RTE, Channel 4, Blue Angel Films and the Irish Film Board, 2001

Starring: Barry McGovern, Johnny Murphy, Alan Stanford, Stephen Brennan, and Sam McGovern

Directed by: Michael Lindsay-Hogg

The plot: On a desolate patch of road, two men, Vladimir (Barry McGovern) and Estragon (Murphy), wait in silence. “Didi” and “Gogo” are life-long friends and world-travelers, but now they resemble stock hobos — battered bowler hats, torn and threadbare clothes, shoes with holes in them. They have arrived at this practically post-apocalyptic spot to meet a Mr. Godot, on whom they are betting their lives and future. Just what it is Godot has promised they don’t know. Nor are they sure of the day, the hour, or whether this is even the right place. They trade stories and even consider hanging themselves simply to pass the time. Pozzo (Stanford), an ebullient man of apparent means and breeding, arrives with his servant, Lucky (Brennan). At the end of Act I, a boy (Sam McGovern) arrives to report that Godot will not be coming, but will show up the next day. Act II finds Didi and Gogo continuing to wait and desperately trying to occupy their time. Pozzo and Lucky return, but Pozzo is now helplessly blind, despondent, and insists he has never before met Didi and Gogo. He and Lucky leave once more, and once more the boy arrives with the same message.
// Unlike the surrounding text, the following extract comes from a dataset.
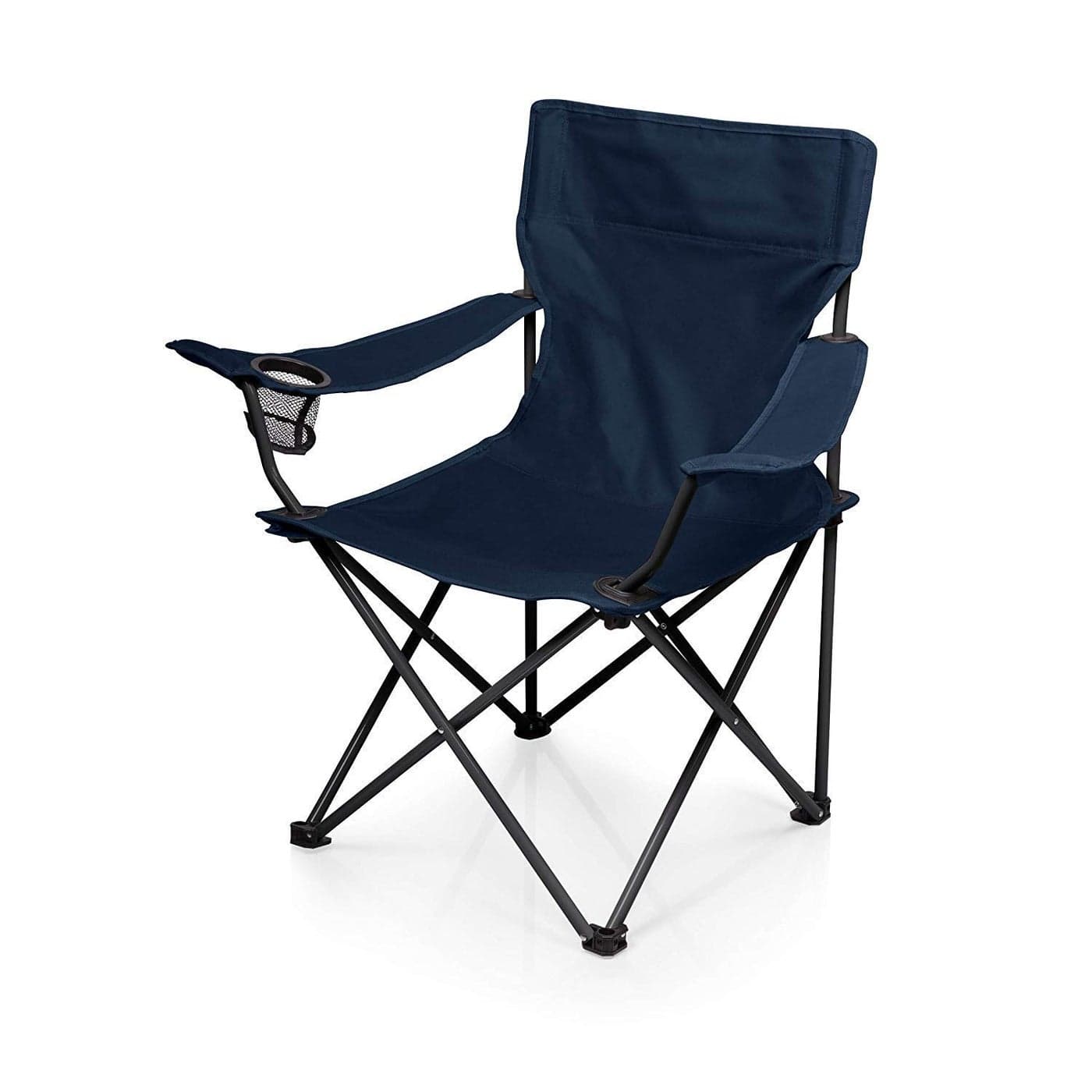Pujan Mall Folding Camping Chairs for Anywhere Travel Picnic Beach Comfortable Move and Easy to Carry Travel Portable Chair MultiColour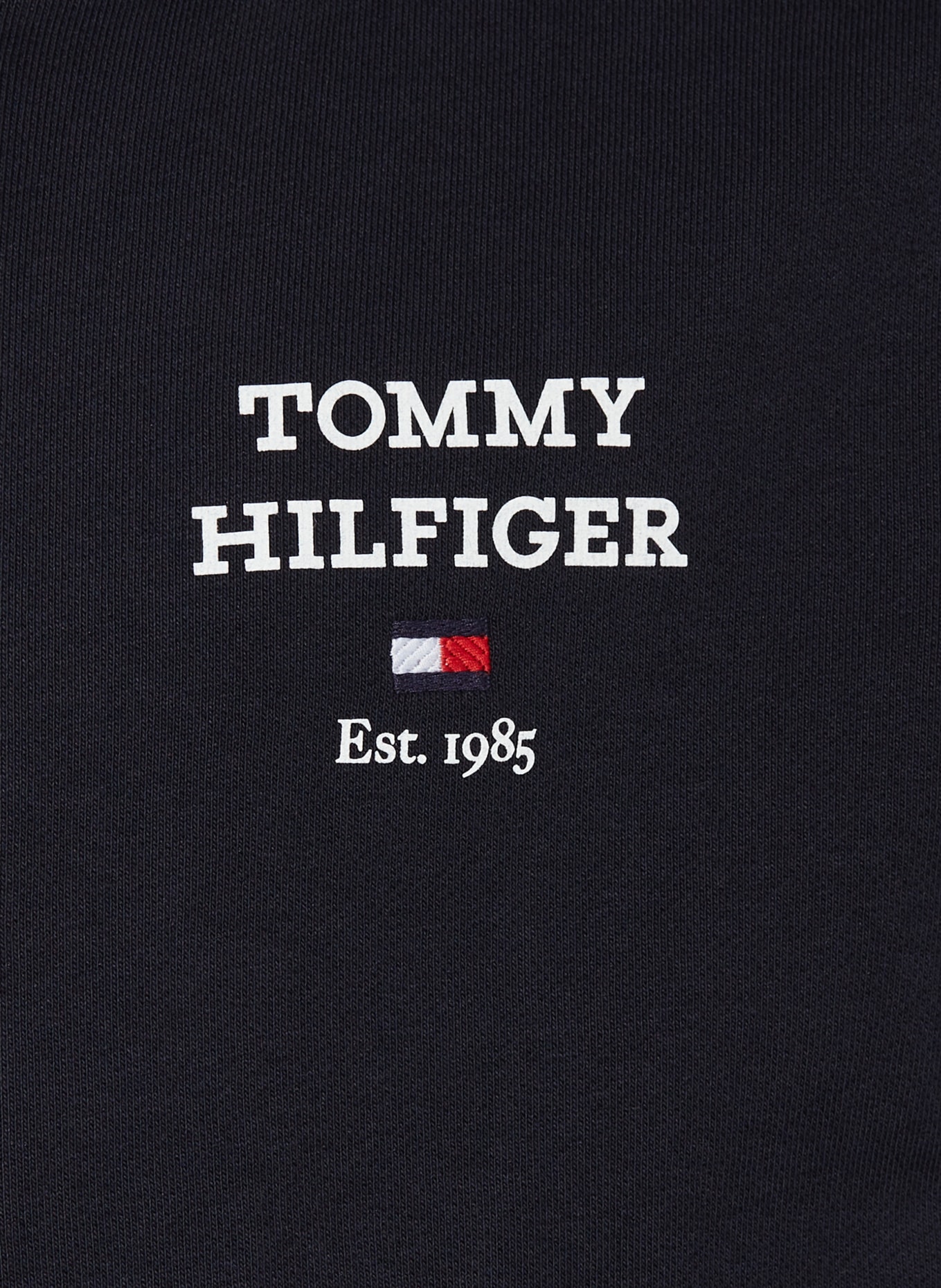 TOMMY HILFIGER Mikinová bunda, Barva: TMAVĚ MODRÁ (Obrázek 3)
Why it’s good: When Michael Colgan, the artistic director of the Gate Theatre in Dublin, announced plans to film all 19 of Samuel Beckett’s plays, the project was met with skepticism. But the results were stellar and award-winning. Assembling the finest actors and directors available, all 19 pieces were intelligently and gloriously adapted for the screen. None were in any way insufficient, but the best effort seemed to be saved for Beckett’s most famous achievement. McGovern and Murphy honed their performances on the stage, then transferred the results of the thousands of hours of practice in front of the camera. These two are the Everyman, impossible, enraging, sympathetic, and lovable. All the actors use voices, deliveries, eyes, expressions and bodies to maximum effect during every second of screen time. Director Michael Lindsay-Hogg (“Let It Be”) uses the camera with imagination and intelligent restraint, emphasizing both the comedy and pathos. It’s impossible to imagine a stage production that could come close to capturing the fleeting magic and nuance of this brilliant film.

The legacy: Very few works of art can claim to be truly revolutionary, but “Waiting for Godot” is indisputably one. Written and premiered in Paris in 1953 by Irish expatriate Beckett, it took the world by storm, delighting, confusing, and enraging audiences and critics. In a relatively short period, it was recognized as a masterpiece and a storm of appreciation for Beckett’s body of work followed, culminating in his 1969 Nobel. Because “Godot” is bare bones, existentialist, and absurdist, it invites every kind of interpretation — philosophical, psychological, theological (“Is Godot God?”), political, even sexual, and a tidal wave of theses and treatises have been written on the meaning of it all. Beckett wasn’t telling, and prisoners doing hard time seem to understand it the best. The five-disc “Beckett on Film” box set is a pricey treasure, with a booklet, interviews, and a 52-minute documentary; Netflix offers each disc individually.